Des consommateurs qui ne sont pas autonomes dans leurs actes de consommation

Bookpal n’a pas été le premier à mettre en place ce nouvebookpalau mode de consommation. Il est difficile de faire émerger de nouvelles habitudes de consommation et pour cela il faut avoir les reins solides. En effet en Corée, le service est considéré comme gratuit. Le premier secteur à avoir essuyé les plâtres est le câble. Le film est gratuit mais si le spectateur souhaite le voir de suite, il paye ce service. Jouer sur la simple disponibilité s’avère une erreur en Corée. En effet la difficulté majeure du marché coréen, ou parfois un formidable levier pour des succès commerciaux inattendus, réside dans le fait que les consommateurs ne sont pas autonomes dans leurs actes de consommations. Quand ils choisissent un service ou un produit, c’est par rapport aux autres. Si le consommateur paye pour du contenu, l’entourage le critique. Mais si celui-ci dit que le service est gratuit et qu’il paye de temps en temps, cette attitude renvoie à l’entourage l’image d’un consommateur raisonnable. L’autre difficulté mais cela ne concerne que les smartphones, les Coréens n’ont pas confiance dans les systèmes de paiement via le téléphone lorsque cela concerne le numéro de carte bleue. Là aussi c’est un jeu qui a cartonné, Anypang (애니팡), qui a ouvert la voix ; le jeu, une sorte de Candy Crush, nécessitait d’acheter des objets valant très peu cher pour pouvoir jouer. Bookpal s’est engouffré dans la brêche en se positionnant à un moment clef où les habitudes de consommation évoluent et la confiance se construit.

Une littérature populaire

La réflexion d’un système payant a permis de façonner l’offre. Si le lecteur paye, c’est pour avoir du plaisir pendant sa lecture. Le choix a donc été de fournir un contenu de lecture qui procure un plaisir éphémère. La Grande littérature a été écarté au profit de romans de gare, une véritable littérature populaire. Même si le genre comme la collection Harlequin, est très critiqué, il plait et se vend. Très vite les premiers romans par épisode proposés cartonnent. Comme le lecteur paye, les rentrées financières pour les auteurs ne se font pas attendre les motivant à écrire. Beaucoup ont déjà un travail et écrivent sur leur temps libre. Mais face au succès, certains n’hésitent pas à abandonner leur travail pour se consacrer uniquement à l’écriture ; les auteurs vedettes cumulent 75 000 €uros de gains et la plupart des auteurs ont empoché plus de 7 500 €uros. Aujourd’hui Bookpal propose un contenu de plus de 30 000 épisodes et l’enrichit de 500 nouveaux épisodes par semaine. Des chiffres qui font rêver. L’auteur phare, Oz, auteur de « Secretive Rule of Affair » entre autres, est suivi par 70 000 fans et ses épisodes totalisent 80 millions de téléchargement. Le consommateur type est une jeune femme. Elles sont en Corée les premières consommatrices de produits culturels. La machine est lancée. Fort des quatre millions de téléchargement de l’App, Bookpal étend son offre à la BD en créant Bookpal Comics. Le dernier né propose à la fois une mise en relation de scénaristes et de dessinateurs mais aussi des contenus originaux. Lancée en novembre 2014 l’App avec déjà 500 000 téléchargements est pour l’instant le bébé sur lequel tout le secteur focalise son attention.

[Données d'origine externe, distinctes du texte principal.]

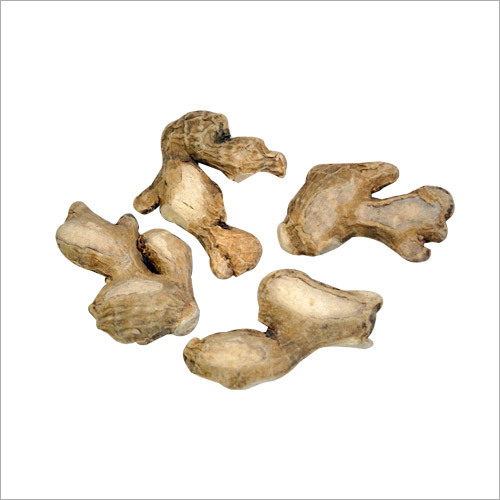 Dried Ginger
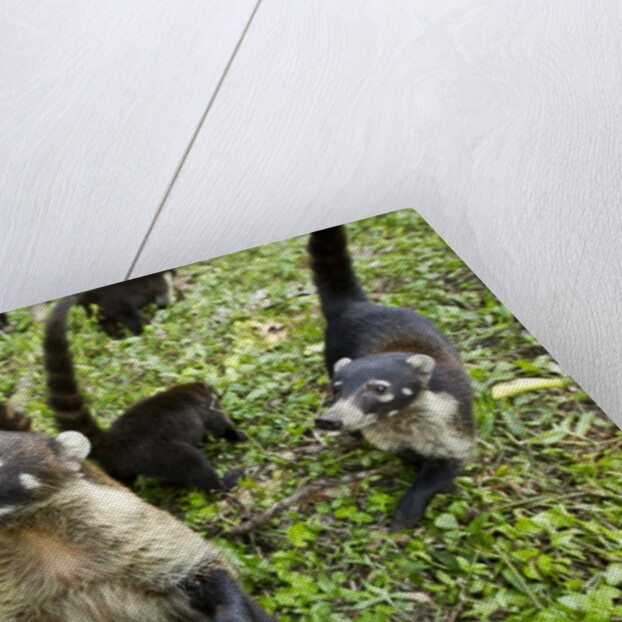 Coati, Costa Rica by Anonymous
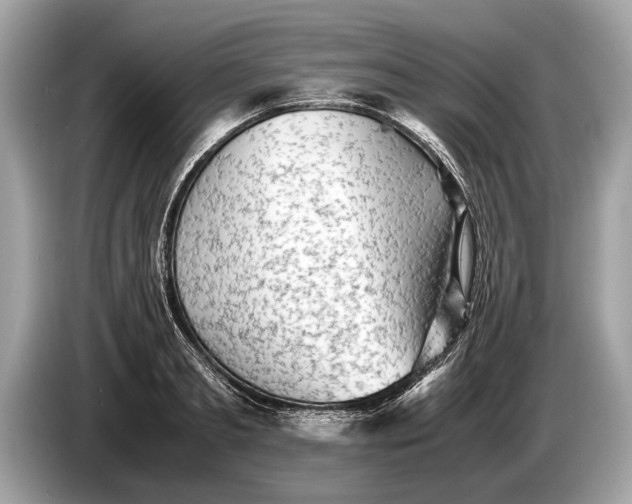 X0000085070893200703191259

Sans attendre d’affirmer son succès sur son marché intérieur. Bookpal part à la conquête du reste de l’Asie. Le Japon qui a une longue tradition littéraire, est écartée. La Chine avide de produits culturels Made in Korea a, a contrario du Japon, aussi une littérature populaire foisonnante. Elle devient donc la prochaine étape du développement de Bookpal. En mai 2015 après la signature d’un accord avec Halo Games basé à Shenzen, Bookpal fait ses premiers pas en Chine.